As the body ages, muscle size and strength reduces, flexibility reduces, aerobic capacity reduces, bone structure and density changes – it’s all happening and it’s all a natural process. Ordinary people become more sedentary as they age. Older athletes reduce the rigour of their training. Metabolic function changes, my thyroid doesn’t produce any thyroxin for example and the synthetic substitute is a poor replacement. I am basically very healthy and fit. We live in a nice place and have an active outdoorsy lifestyle.

Kayaking near our home.

For better and for worse, your body never ceases to change through ageing. My approach to training and sport choices and level of activity will reflect that by evolving from year to year in appropriate ways.

The changes in my body have meant a dramatic reduction in running speed. To keep this in perspective I am still ‘good for age’ but it’s still very annoying! Also my body finds running very strenuous and complains more loudly and often than it used to when I was younger. This means I can run less as I don’t want to exacerbate injuries.

I spend more time these days on strength and conditioning than I used to. In practice this means weight training with dumbells and kinesis. It means regular Iyengar yoga classes.

Chair headstand at our yoga class.

At a simple accessible level it is a 2 minute daily plank! Some days even that is too hard!

I no longer feel the need to push myself to do things I don’t really enjoy. I no longer swim in the sea year round for example! I still swim regularly, but only in the pool when the sea temperature is in single figures.

Sea swimming

I did not take up my ‘Good for Age’ place at the London Marathon in 2017. I loved the 2016 event and ran well ensuring an automatic entry to all the big city marathons in the world in 2017 and 2018. But, for reasons I can’t really explain I just didn’t want to do it. Maybe it’s a case of been there done that and got a drawer full of T shirts.

Finishing London Marathon 2016

I have not entered any triathlons this season- yet. I am still training. I still swim, bike, run and I enjoy it. At present – that seems to be enough. Racing is not on the agenda at present.

My Ironman trophy

I still ride Audax events.

I keep up my AAARTY.

There are many inspirational people out there riding huge distances who are much older than I am – mainly men. I continually ask myself, ‘Am I having a nice time – is this fun?’ The effects of ageing on my body have made stuff that used to be fun, much less fun because it hurts and the results are poor. So evolve – focus on what is fun. Focus on what I can do now rather than what I used to do.

My attention has been diverted from training by normal family events earlier this year. My father was very ill for a while. He is 91 and lives close by so we were able to give him the care and support he needed to get well and regain his independence. We also had the great joy of the marriage of Kathryn our daughter.

Kathryn’s wedding

This focused our attention for a number of weeks.

A big change in my life that has affected the training I do is personal.

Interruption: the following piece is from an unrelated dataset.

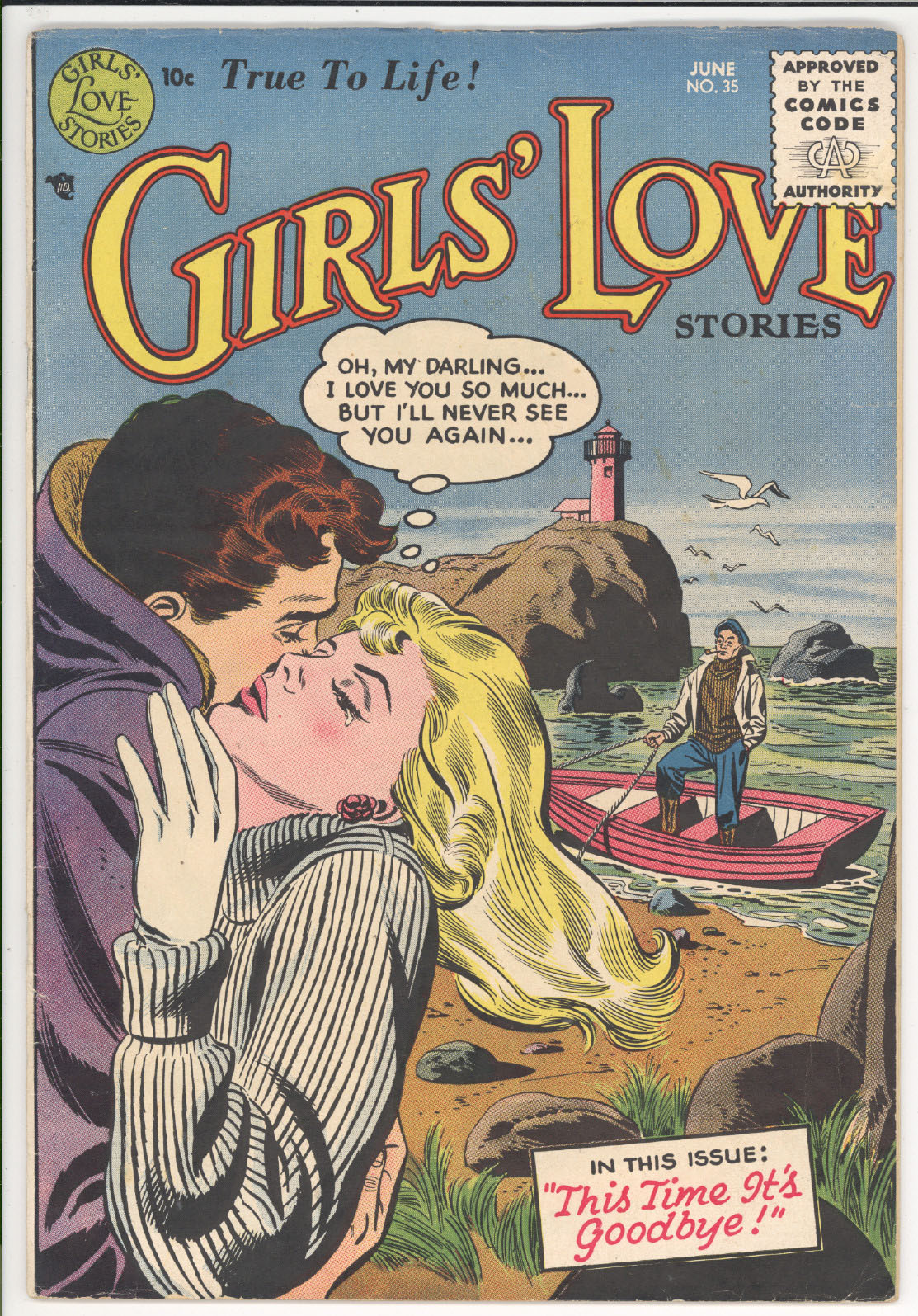 Girls' Love Stories #35 front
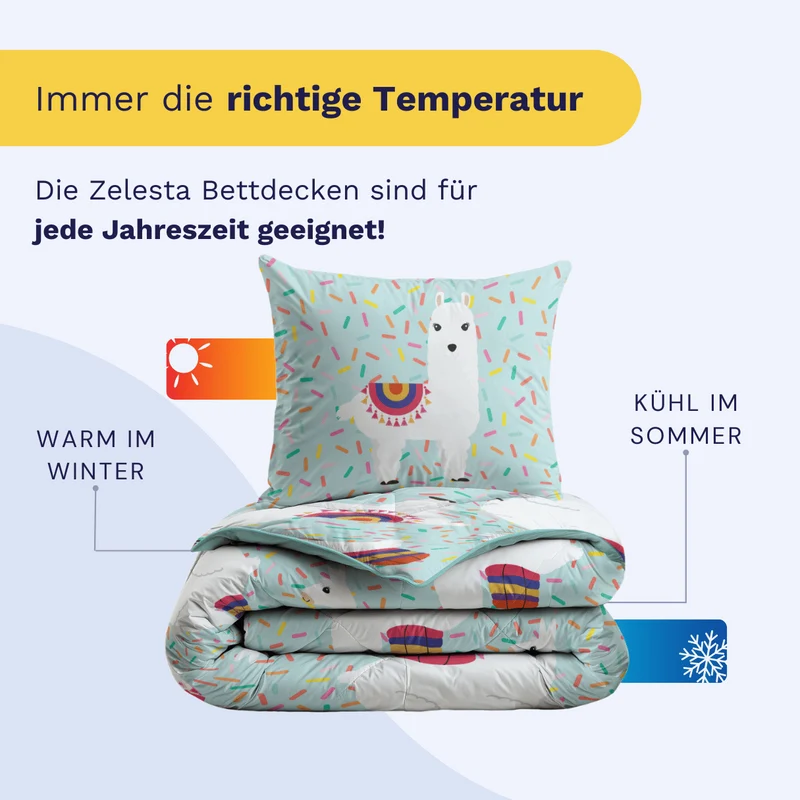 Zelesta Comfort Kids Bettdecke - Party Lama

My husband Ian who has never really been interested in doing much exercise himself whist being very supportive of everything I do. Last summer a change occurred and he decided we should get mountain bikes. Now Ian is normally one of those reactive people so when he becomes proactive I tend to sit up and take notice!

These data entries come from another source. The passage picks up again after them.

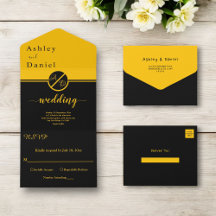 Casamento De Dourado Monograma E Preto De Luxo Ele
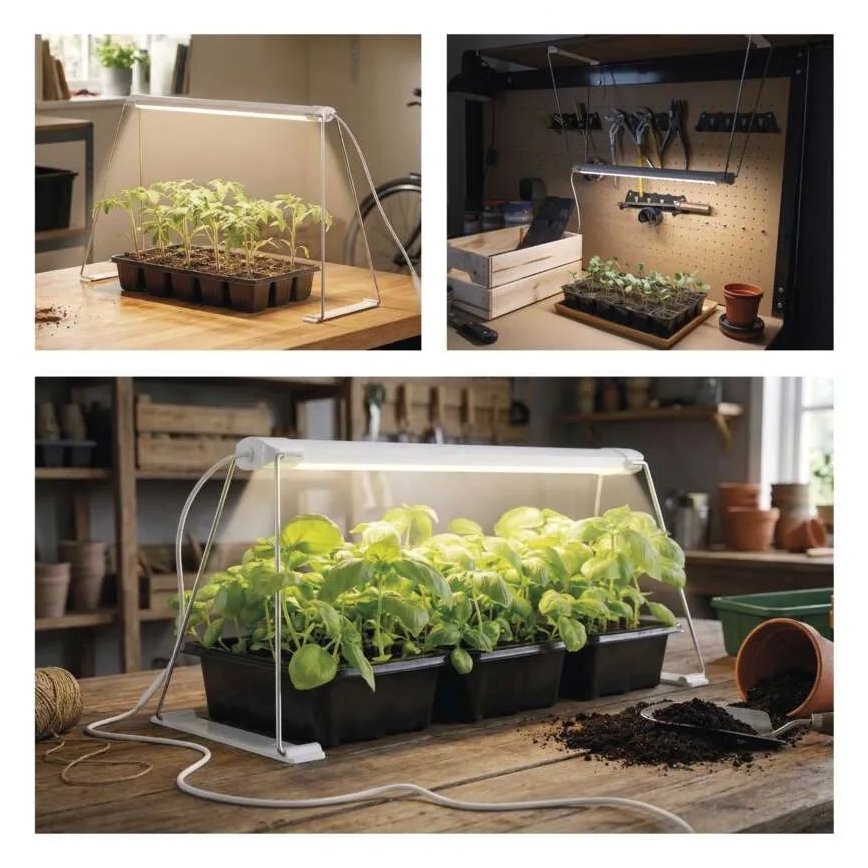 LED unutarnja svjetiljka za uzgoj biljaka GROW LED/15W/230V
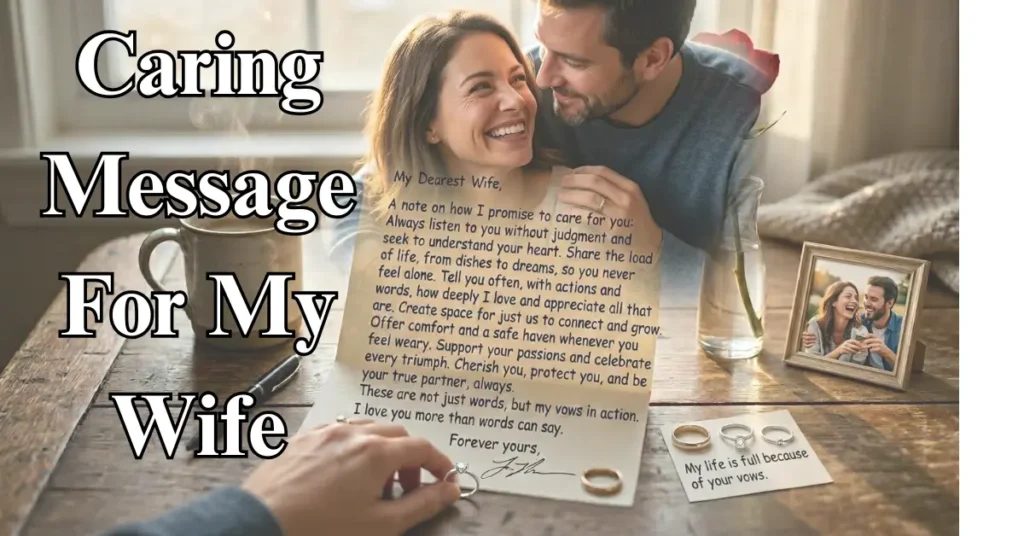 Caring Message For My Wife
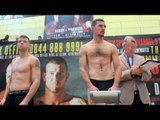 TOMMY BROADMENT v MARTIN WELSH WEIGH IN & HEAD TO HEAD / iFL TV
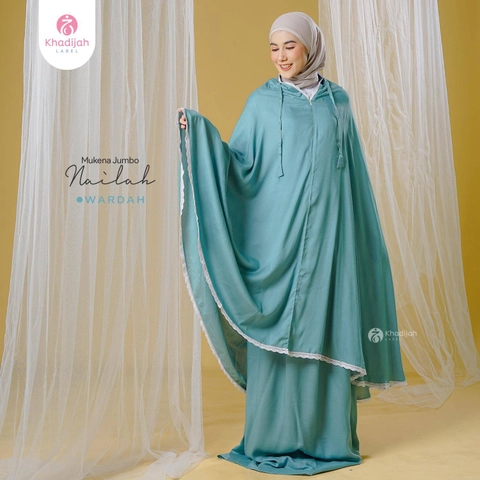 Khadijah Label JKT - Mukena Jumbo Polos Nailah 2 in 1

Since we got those bikes last June Mountain biking has gradually become a more important part of our lives. We now ride as much as 3 or 4 times a week TOGETHER and have a lot of fun.

Mountain biking

He has become (rather annoyingly) very good and much fitter. I now ride my mountain bike more than my road bike. As a further development he gradually succumbed to riding my old Dawes Galaxy with straight bars that I did LeJOG on and doing some gentle road riding.

Dawes Galaxy ready for the Grand Tour of the Highland and Islands

We have a tour of the West coast of Scotland and the Outer Hebrides planned for a tour in June. A distance of about 600 miles with enough hills to make the elevation the same as the height of Mount Everest!

I can feel my strength and speed just disappearing as time passes and I am determined not to let it mar my enjoyment. I can still do loads of stuff. There is still lots of stuff to do and lots of adventures to be had!

Focus on what you can do rather than what you can’t.